Still she didn’t know how she was going to manage, in a studio apartment with a low-paying job. She hadn’t figured it out yet, but she would. Eventually. Now, however, her all of her fears fell away at the beautiful sight of her baby. Her baby.
The technician frowned and poked harder with the wand. Allegra winced. Then, more alarmingly, the technician put the instrument down and rose from her seat by the examining table where Allegra was lying.
‘I’ll be right back,’ she murmured, and then left the room.
Allegra lay there, shivering from the cold gel, her gently rounded belly damp and exposed. Unease crept icy fingers along her spine. Technicians weren’t supposed to leave in the middle of an appointment like that, surely?
She found out moments later when an important-looking doctor in a white lab coat followed the technician back into the room, frowning as she looked at the screen with the beautiful, fuzzy image of Allegra’s child.
‘What’s going on?’ Allegra asked, her voice high and strained with anxiety.
‘Just a moment please, Miss... Wells.’ The doctor glanced briefly at her file before turning her narrowed gaze back on the screen. Something was wrong. Allegra could feel it in her bones, in her frightened, hard-beating heart. Something had gone wrong with this pregnancy. With her baby.
She lay there, everything in her frozen and fearful, as the doctor took the wand and began to prod her belly once more, murmuring to the technician who murmured back, none of it audible to Allegra.
‘Please,’ she begged. ‘Please, tell me what’s going on.’
The technician gave her a smile of such sorrowful sympathy that Allegra wished she hadn’t asked. Then she handed her a paper towel to wipe off the gel while the doctor continued to study the image on the screen—the image of her baby.
‘Dr Stein will speak with you shortly,’ the technician murmured.
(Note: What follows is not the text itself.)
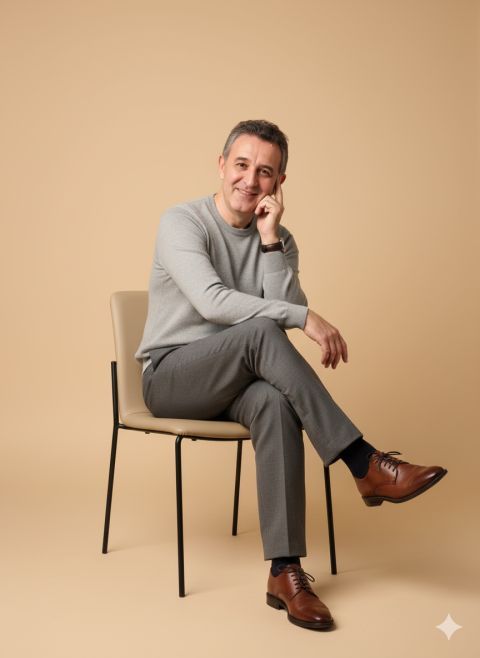 Realistic studio portrait stylish man on minimalist chair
Moments later Allegra had all the answers she didn’t want. The words reverberated emptily through her, making horrible sense and sounding unintelligible, impossible, at the same time. Congenital heart defect were the three words that hurt the most.
‘But what does that mean exactly?’ she demanded, her voice shaking. She knew there were heart defects that were operable. There were even some that were asymptomatic, hardly worth mentioning. But looking at Dr Stein’s compassionate face, she feared her baby didn’t have one of those.
‘The particular defect we’re discussing is life-threatening,’ Dr Stein said quietly. ‘The baby wouldn’t live past a few months of age, if that.’ Allegra gaped and she continued, ‘We’ll order an amniocentesis as soon as possible, to know for sure what we’ll dealing with. This may take up to three weeks, I’m afraid. Based on the ultrasound, it could be one of several heart defects, of varying seriousness.’
‘But you think it’s a more serious one?’ Allegra whispered, and Dr Stein gave her an unhappy look.
‘I’m afraid that, yes, it’s looking like that, but we won’t know until we get the results of the amniocentesis. It’s difficult to diagnose this kind of condition from only a scan.’
Allegra walked home in a fog, barely aware of the steps that took her up to her sixth-floor studio. Anton poked his head out of his apartment to ask how she was, and Allegra didn’t even know what she said. The world felt muted, as if everything was taking place far away, to other people. Nothing mattered. Nothing at all mattered any more.
She lay on her bed, one hand pressed against her middle. Already, she’d barely been coping, stumbling through each day, trying to survive the awful morning sickness that had exhausted her so utterly. She hadn’t let herself think too much about the future, and now it looked like there might not be one. How was she going to wait three long weeks to find out?
And through the haze of her grief and fear, one fact kept coming back to torment her. She should have told Rafael. No matter how he had treated her, he should know she was pregnant with his child. He should be aware of what was happening.
Still she resisted. She didn’t want to give him a chance to reject her all over again, along with their baby. She didn’t want to face his accusations and anger, as he no doubt would be furious that she hadn’t told him she was pregnant. She especially didn’t want to open herself up to hurt.